The most dangerous traits in a leader are what psychologists call the dark triad of personality traits: narcissism, Machiavellianism and psychopathy. What these traits share is a willingness to exploit others for personal gain. People with dark triad traits tend to be more politically ambitious — they’re attracted to authority for its own sake. But we often fall under their spell. Is that you, George Santos?

In a study of elections worldwide, candidates who were rated by experts as having high psychopathy scores actually did better at the ballot box. In the United States, presidents assessed as having psychopathic and narcissistic tendencies were more persuasive with the public than their peers. A common explanation is that they’re masters of fearless dominance and superficial charm, and we mistake their confidence for competence. Sadly, it starts early: Even kids who display narcissistic personality traits get more leadership nominations and claim to be better leaders. (They aren’t.)

If the dark triad wins an election, we all lose. When psychologists rated the first 42 American presidents, the narcissists were more likely to take reckless risks, make unethical decisions and get impeached. Add a dash of Machiavellianism and a pinch of psychopathy, and you get autocrats like Putin, Erdoğan, Orbán and Duterte.

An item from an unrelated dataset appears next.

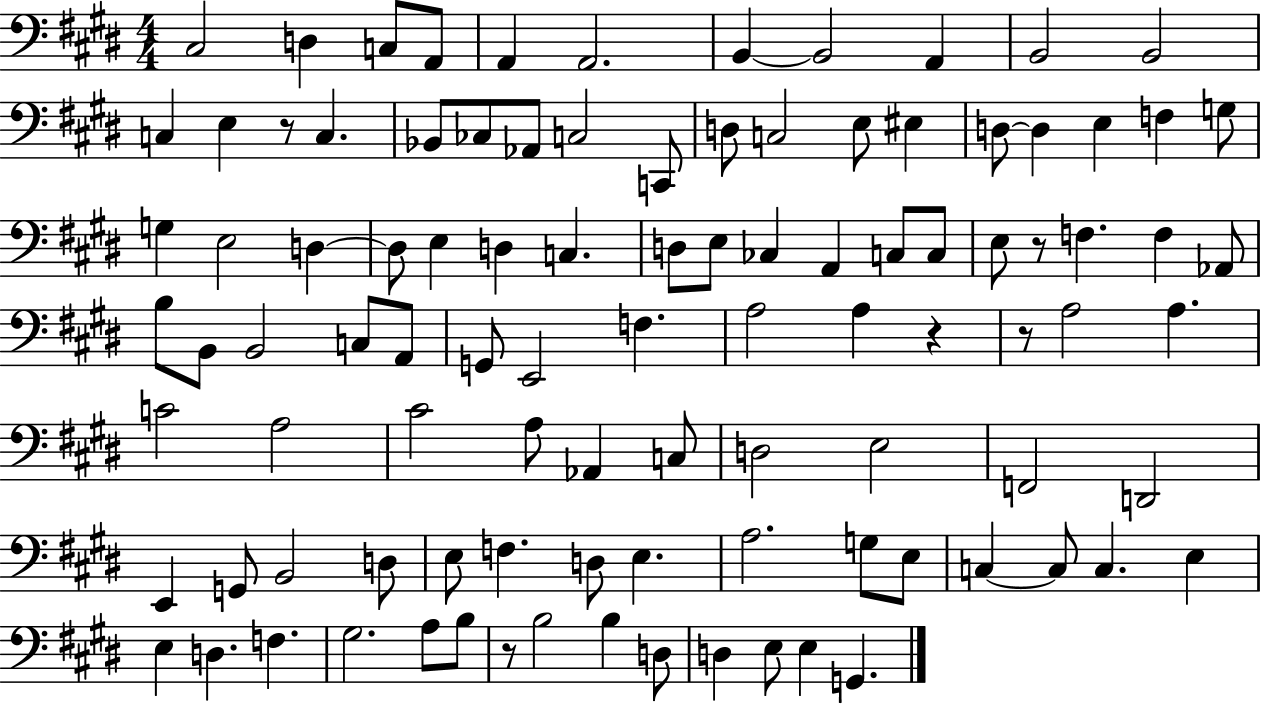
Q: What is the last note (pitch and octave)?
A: G2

Eliminate voting, and candidates with dark triad traits would be less likely than they are now to rise to the top. Of course, there’s also a risk that a lottery would deprive us of the chance to select a leader with distinctive skills. At this point, that’s a risk I’m willing to take. As lucky as America was to have Lincoln at the helm, it’s more important to limit our exposure to bad character than to roll the dice on the hopes of finding the best.

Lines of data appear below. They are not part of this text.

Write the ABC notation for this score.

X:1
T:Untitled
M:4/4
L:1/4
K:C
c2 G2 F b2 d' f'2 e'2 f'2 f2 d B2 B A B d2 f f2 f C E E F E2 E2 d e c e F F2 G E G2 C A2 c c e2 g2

Besides, if Lincoln were alive now, it’s hard to imagine that he’d even put his top hat in the ring. In a world filled with divisiveness and derision, evidence shows that members of Congress are increasingly rewarded for incivility. And they know it.

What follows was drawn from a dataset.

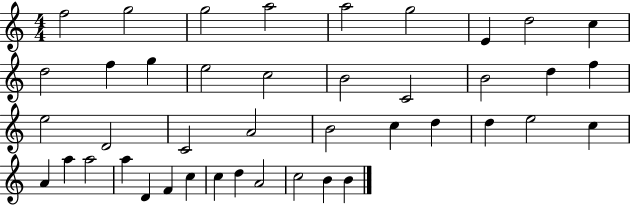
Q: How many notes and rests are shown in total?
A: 42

A lottery would give a fair shot to people who aren’t tall enough or male enough to win. It would also open the door to people who aren’t connected or wealthy enough to run. Our broken campaign finance system lets the rich and powerful buy their way into races while preventing people without money or influence from getting on the ballot. They’re probably better candidates: Research suggests that on average, people who grow up in low-income families tend to be more effective leaders and less likely to cheat — they’re less prone to narcissism and entitlement.

Switching to sortition would save a lot of money too. The 2020 elections alone cost upward of $14 billion. And if there’s no campaign, there are no special interests offering to help pay for it.

Finally, no voting also means no boundaries to gerrymander and no Electoral College to dispute. Instead of questioning whether millions of ballots were counted accurately, we could watch the lottery live, like we do with teams getting their lottery picks in the NBA draft.

Other countries have begun to see the promise of sortition. Two decades ago, Canadian provinces and the Dutch government started using sortition to create citizens’ assemblies that generated ideas for improving democracy. In the past few years, the French, British and German governments have run lotteries to select citizens to work on climate change policies. Ireland tried a hybrid model, gathering 33 politicians and 66 randomly chosen citizens for its 2012 constitutional convention. In Bolivia, the nonprofit Democracy in Practice works with schools to replace student council elections with lotteries. Instead of elevating the usual suspects, it welcomes a wider range of students to lead and solve real problems in their schools and their communities.

As we prepare for America to turn 250 years old, it may be time to rethink and renew our approach to choosing officials. The lifeblood of a democracy is the active participation of the people. There is nothing more democratic than offering each and every citizen an equal opportunity to lead.